Sharing the lecture held on July 11, 2023.

Translating the Stone:
Henry Bencraft Joly, China’s Greatest Novel, and Joseon Era Korea

SPEAKER: Ronald Gray

 

SUMMARY:

If you have visited the Yanghwajin Foreign Missionary Cemetery in Seoul, you may have come across an intriguing, tall, stone, Victorian grave monument with fading incised Chinese characters and English lettering. The monument marks the grave of the British diplomat Henry Bencraft Joly (1857-1898), who was Vice-Consul to the Chemulpo (modern day Incheon) Consulate in Korea at the time of his death. Joly was also a noted translator of China’s most celebrated novel 紅樓夢 (Honglou meng, commonly known as Dream of the Red Chamber or The Story of the Stone), having published an English translation of the first 56 chapters of the novel. This lecture will first discuss Joly’s life in Korea, his translation of Honglou meng, as well as other 19th century English translations of the work, and what they reveal about Western attitudes about East AsiaThe second half of the talk will examine Honglou meng’s reception in Korea, how it was translated, and its great popularity with Korean women, including palace females.
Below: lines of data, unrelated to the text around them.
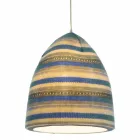 Hanglamp Nebulite en wol In.es.artdesign Flower Stripe Viadurini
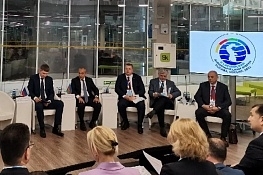 Портовую зону ОЭЗ «Лотос» поддержат каспийские партнеры 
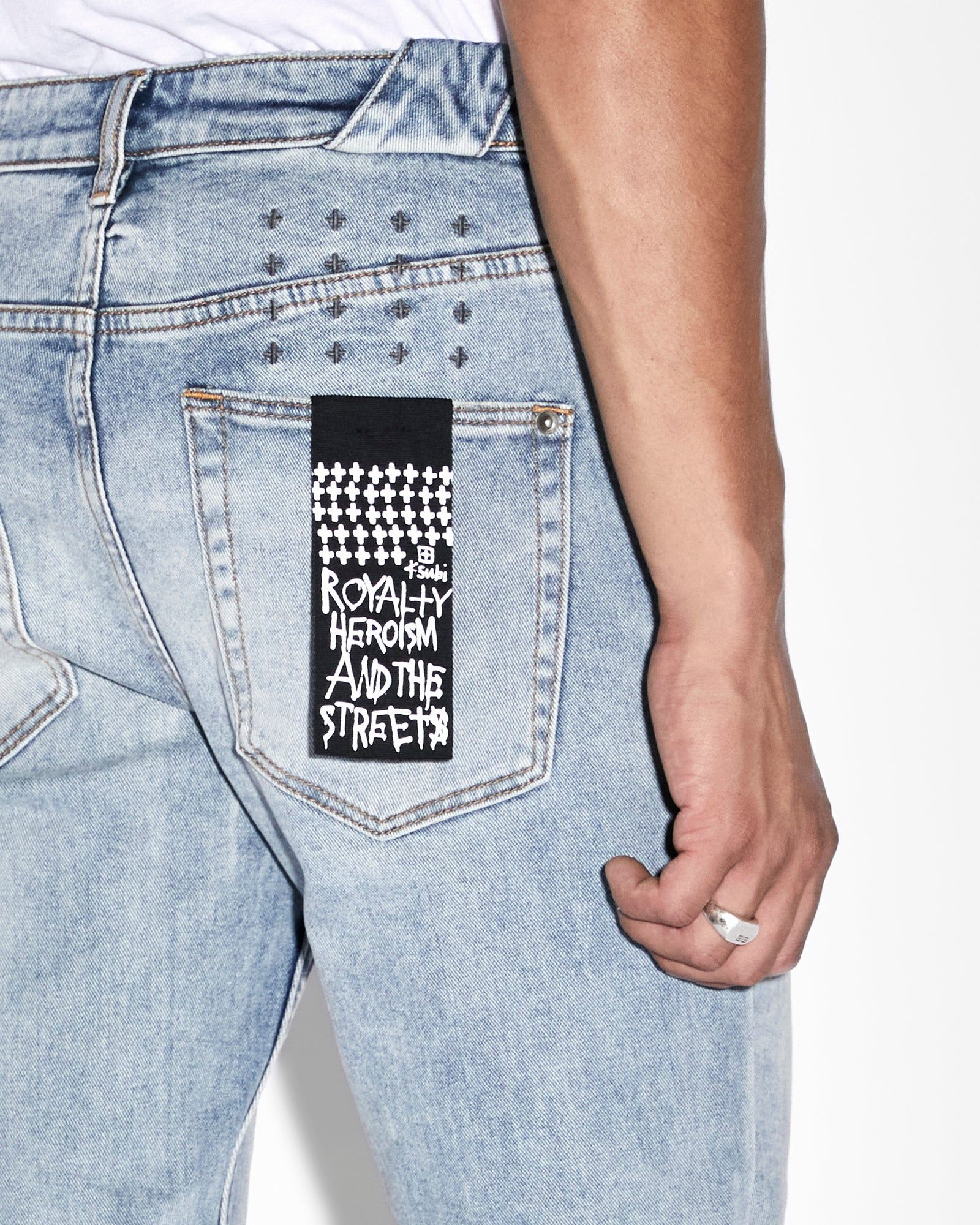 CHITCH SKYHIGH sold by Ksubi product image thumbnail 5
The lecture concludes with a brief discussion of the novel’s current status in Korea and the West, and the importance of “humanizing” translation history.

BIO:

Ronald Gray has taught at universities in South Korea, China, Japan, and most recently Ohio University in the U.S. He has written and co-edited three books on Honglou meng, including the 2022 work Reading Dream of the Red Chamber: A Companion to Cao Xueqin’s Masterpiece, as well as articles on the novel for Western and Chinese journals. He has also published an intellectual biography of the American cultural critic and historian Paul Fussell, and a book on Evelyn Waugh’s famous novel Brideshead Revisited. He lives in Gongju, Korea.